Maryland buys land amid budget crunch
Today the governor is announcing a batch of land purchases through the state's preservation program -- expected to total between $60 million and $70 million. That's coming at the same time that the governor is talking about the need for major budget cuts and likely the first furlough of state employees since the early 1990s. Talk about awkward timing!
The budgetary answer for why this isn't completely nuts is that the land preservation funds come from a dedicated pot of money generated through real estate transfer taxes, and the cuts and furloughs are meant to address an expected shortfall in the general fund. Moreover, it makes sense to buy land when real estate prices are dropping. Nonetheless, I can already imagine the Grinch-who-stole-Christmas press release coming out of the legislature's Republican caucus.
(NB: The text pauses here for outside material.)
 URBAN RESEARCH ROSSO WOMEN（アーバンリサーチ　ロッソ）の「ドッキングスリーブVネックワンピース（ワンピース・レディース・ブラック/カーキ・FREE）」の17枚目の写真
So why go forward with the land purchase when the state's in so much financial trouble?
Whatever the short term political hit, it does contribute to a very conscious effort by the O'Malley adminsitration to address problems differently than the Ehrlich administration did. During its tough budget times, the Ehrlich administration raided state open space funds (and transportation funds and whatever other funds they could find) as part of an effort to avoid at all costs raising the income or sales tax. Beyond not buying new land, Ehrlich famously (and unsuccessfully) attempted to sell off some of the land the state already had.
O'Malley sharply criticized Ehrlich for those moves during the 2006 campaign, saying his Republican predecessor was robbing Peter to pay Paul in an effort to avoid hard choices. O'Malley, on the other hand, appears to take some perverse pleasure in cultivating an image of someone who tackles problems head on, whatever the cost. Thus, using open space funds for something other than open space is not the kind of thing he'd do.
In 2006, back when things were going relatively well, Maryland voters picked O'Malley's approach over Ehrlich's. How things will look in 2010 is anybody's guess.